Employers offer raises only in part for those that deserve the extra money because that employee has shown to provide a higher return in the long run. This is why employers do not hand our raises all the time. On average though, if employers were required to match employee income with livable wages then there would be a lot of companies that would have to decide on one option out of three; 1) go out of business, 2) reduce number of employees, or 3) increase or decrease salaries.

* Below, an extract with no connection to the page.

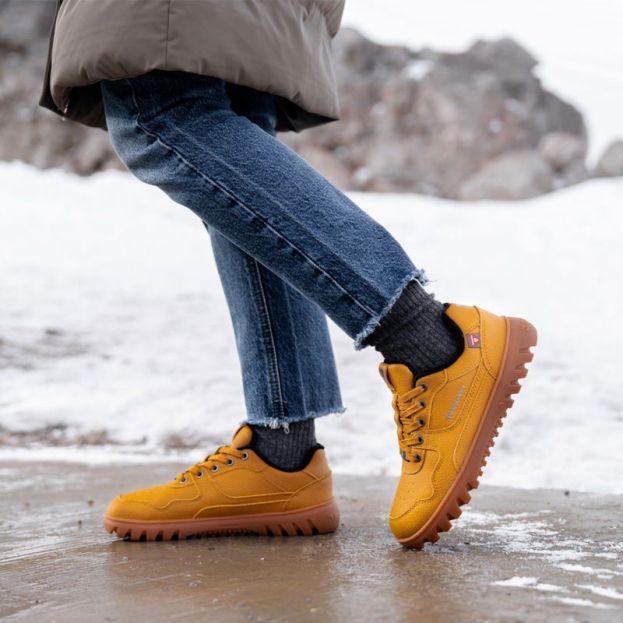 Be Lenka Adults Barebarics Zing Frost Sneakers Light Caramel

For companies that do not provide a livable wage many of them would have to cut their staff in order to pay a wage that helps an employee meet their needs; for a company that exceeds a livable wage (i.e. tech industry, engineering, etc), they have the option of reducing employees’ salaries (if companies only had to provide a base salary) but who wants to work for less, well as it turns out a lot of people don’t mind that.

Effects of Inflation
It turns out that a lot of people who expect raises every year of 1% to 2% are not actually getting a raise, since the yearly consumer price inflation rate is 2.1%. So that means your raise is just meant to match the rising rates of the economy and nothing else. For those that only get a 1% raise, this means you are actually earning less money and that your ok with that. This means that in a two year period you are earning half of what you could have been earning had you gone with another employer. The more time you put in with a company the less money you make in the long run.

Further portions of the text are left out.